ABOUT THIS TASK:
Leave the pictures out and return every line below exactly.
--- DATA EXCERPT Enclosed Below ---
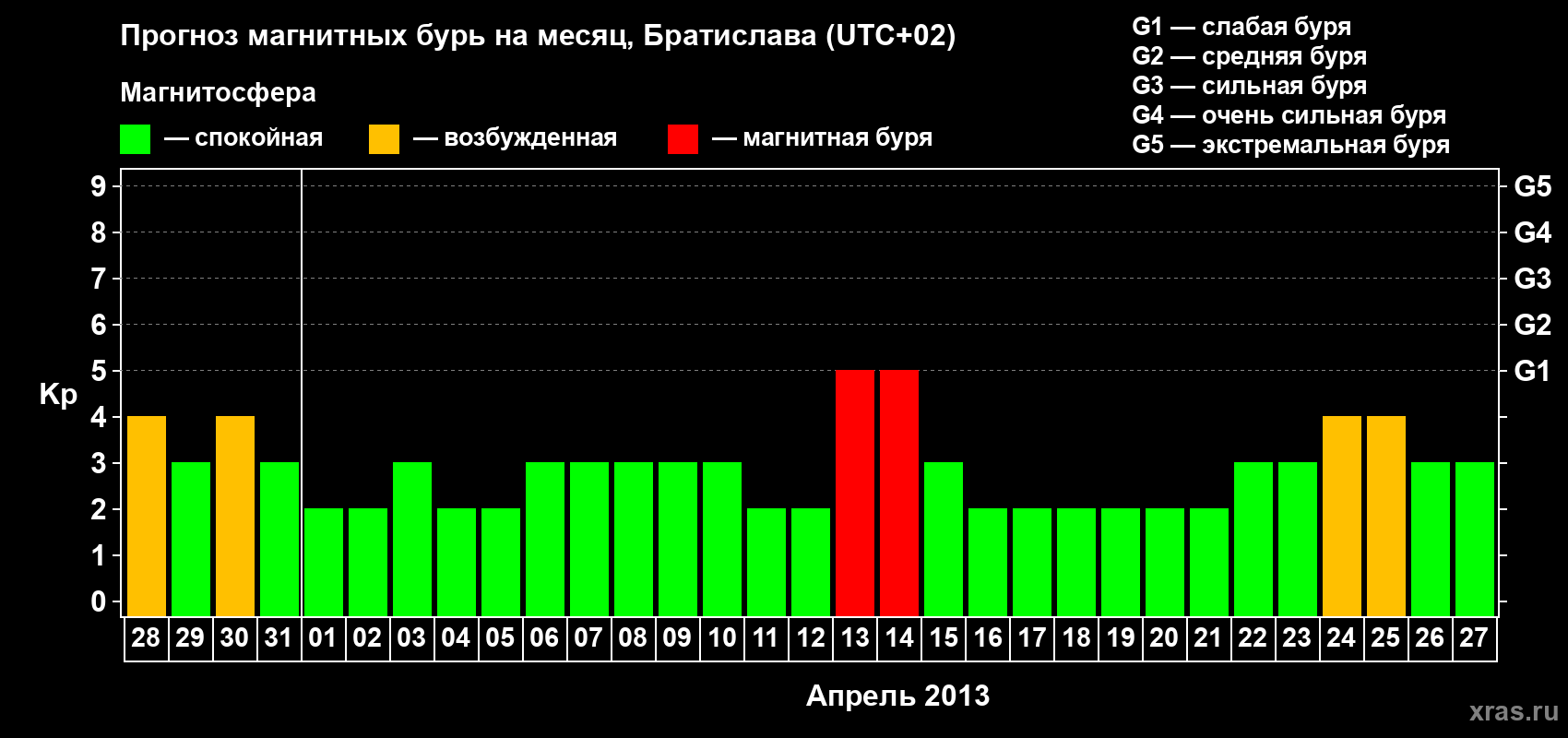 Прогноз максимального суточного геомагнитного индекса Kp на <b>1 месяц</b> (31 день) <b>с 28 марта по 27 апреля 2013 г</b>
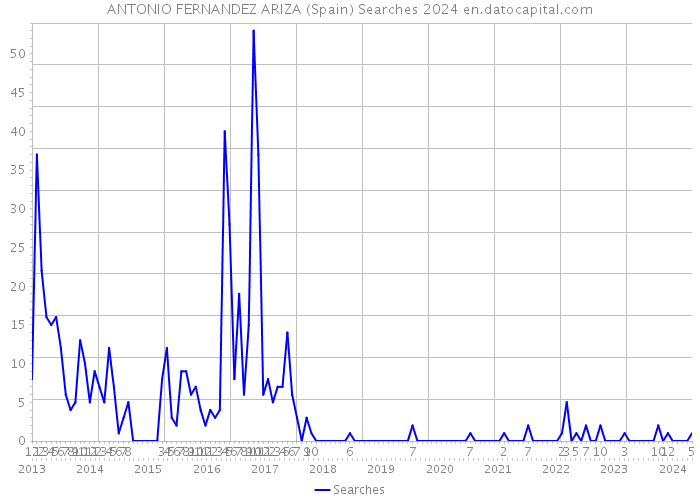 ANTONIO FERNANDEZ ARIZA (Spain) Searches 2024 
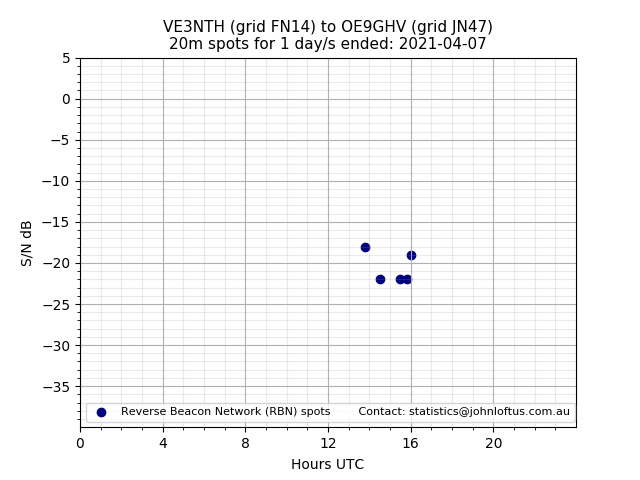 Scatter chart shows spots received from VE3NTH to oe9ghv during 24 hour period on the 20m band.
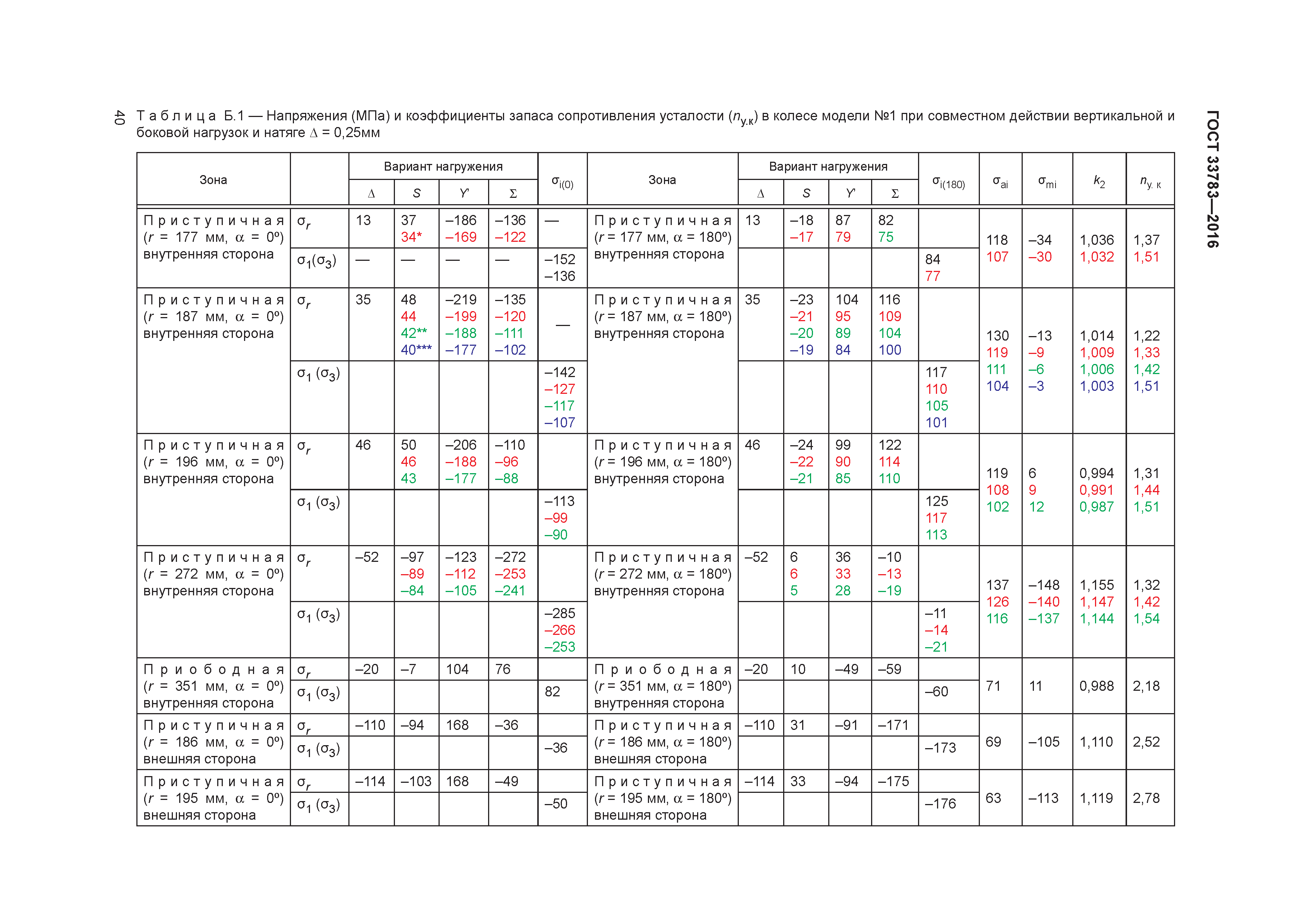 ГОСТ 33783-2016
--- End of Enclosed DATA EXCERPT ---
RESULT OF THIS EXERCISE:
 Прогноз максимального суточного геомагнитного индекса Kp на <b>1 месяц</b> (31 день) <b>с 28 марта по 27 апреля 2013 г</b>
 ANTONIO FERNANDEZ ARIZA (Spain) Searches 2024 
 Scatter chart shows spots received from VE3NTH to oe9ghv during 24 hour period on the 20m band.
 ГОСТ 33783-2016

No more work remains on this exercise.